## Task description
Copy the records below exactly, but leave out any picture they contain.

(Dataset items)
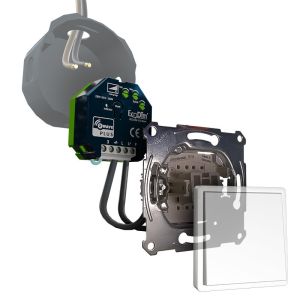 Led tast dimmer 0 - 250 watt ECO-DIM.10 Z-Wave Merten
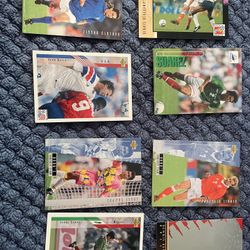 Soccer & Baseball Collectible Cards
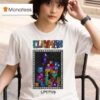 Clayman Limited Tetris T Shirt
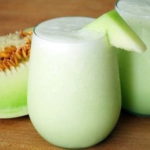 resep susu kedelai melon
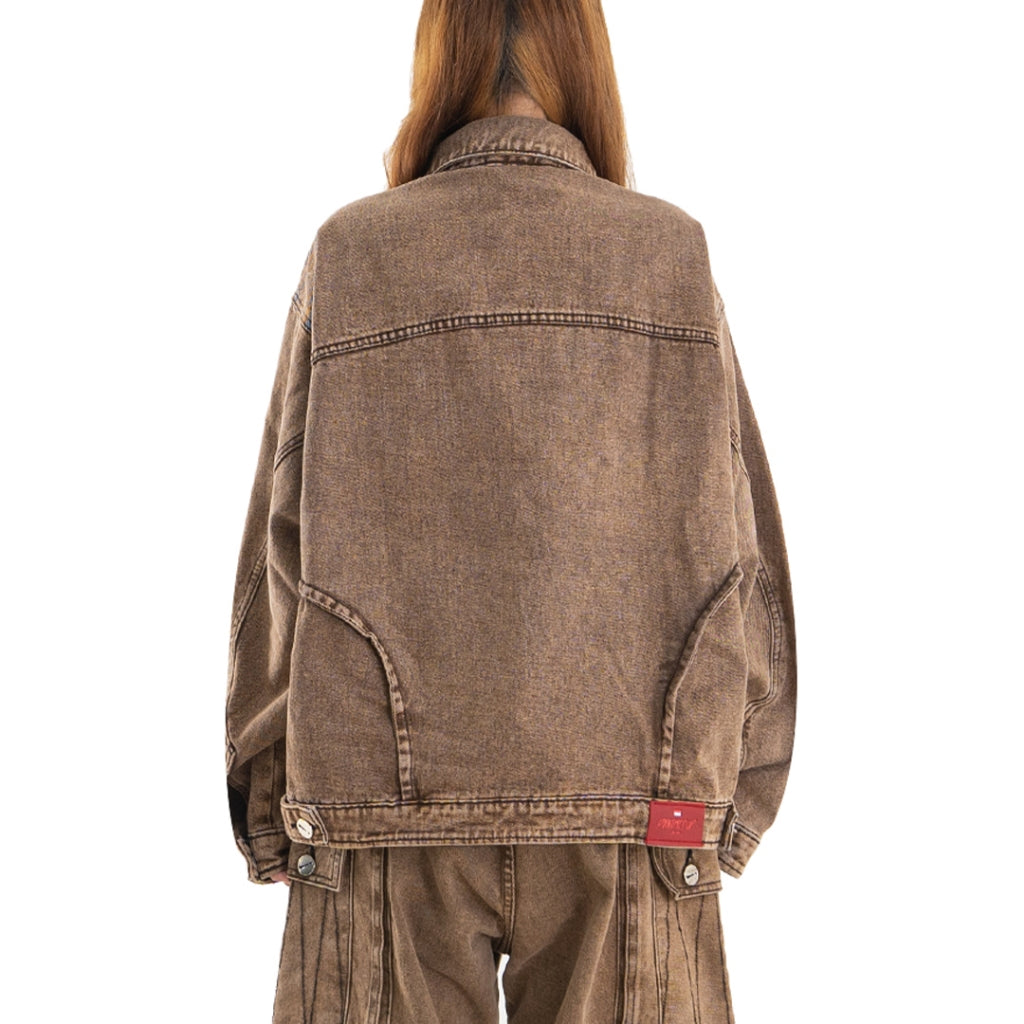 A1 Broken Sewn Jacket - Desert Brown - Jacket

## Solved problem
 Led tast dimmer 0 - 250 watt ECO-DIM.10 Z-Wave Merten
 Soccer & Baseball Collectible Cards
 Clayman Limited Tetris T Shirt
 resep susu kedelai melon
 A1 Broken Sewn Jacket - Desert Brown - Jacket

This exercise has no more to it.